Scaling Without Kubernetes: How Convox scale Works (No kubectl Required)

A developer we talked to recently almost closed the tab. They were comparing platforms on a Friday afternoon, looking for something that could grow with their app without turning into a second job. Then they saw the word "Kubernetes" in the feature list and felt their stomach drop. They had never written a Kubernetes manifest, never run kubectl, and had no interest in starting. To them, "Kubernetes" meant a six-month learning curve and a DevOps hire they could not afford.

Here is the thing that developer almost missed: yes, Convox runs your applications on Kubernetes under the hood. But you never touch it. You never write a YAML manifest for a Deployment, you never configure a HorizontalPodAutoscaler by hand, and you never open a terminal to run kubectl.
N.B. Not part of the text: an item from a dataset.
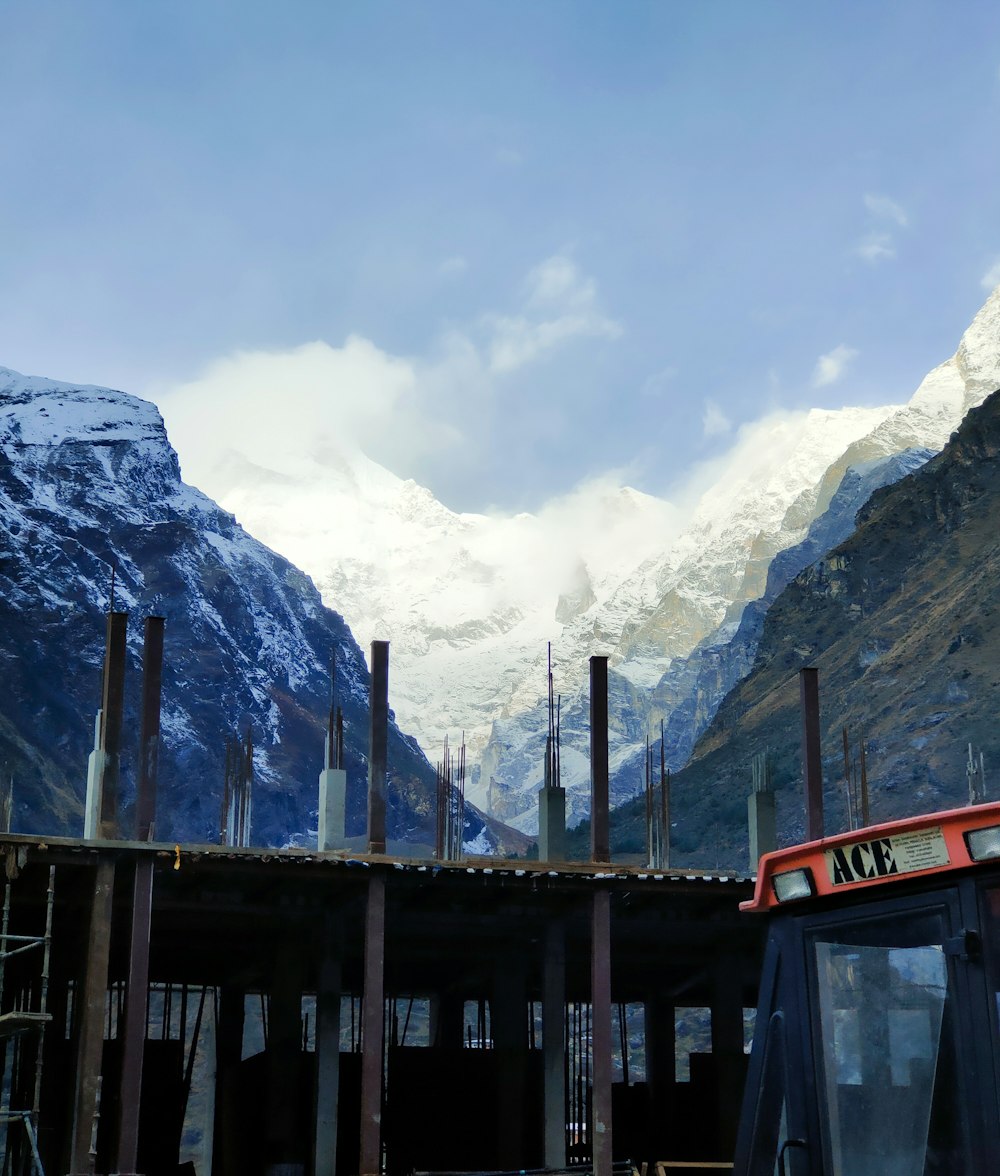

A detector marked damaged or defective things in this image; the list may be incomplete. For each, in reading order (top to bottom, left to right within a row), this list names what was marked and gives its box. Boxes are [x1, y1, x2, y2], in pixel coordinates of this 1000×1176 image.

The Kubernetes machinery is there doing the heavy lifting, the same robust orchestration that powers some of the largest systems in the world, but the interface you actually use feels less like operating a cluster and more like adjusting a couple of numbers.

This post is about exactly that: scaling without the Kubernetes learning curve. We will move from manual scaling with a single command, to declarative scale config in convox.yml, to hands-off autoscaling, to observing the results. None of it requires cluster knowledge, a kubeconfig, or a single kubectl command.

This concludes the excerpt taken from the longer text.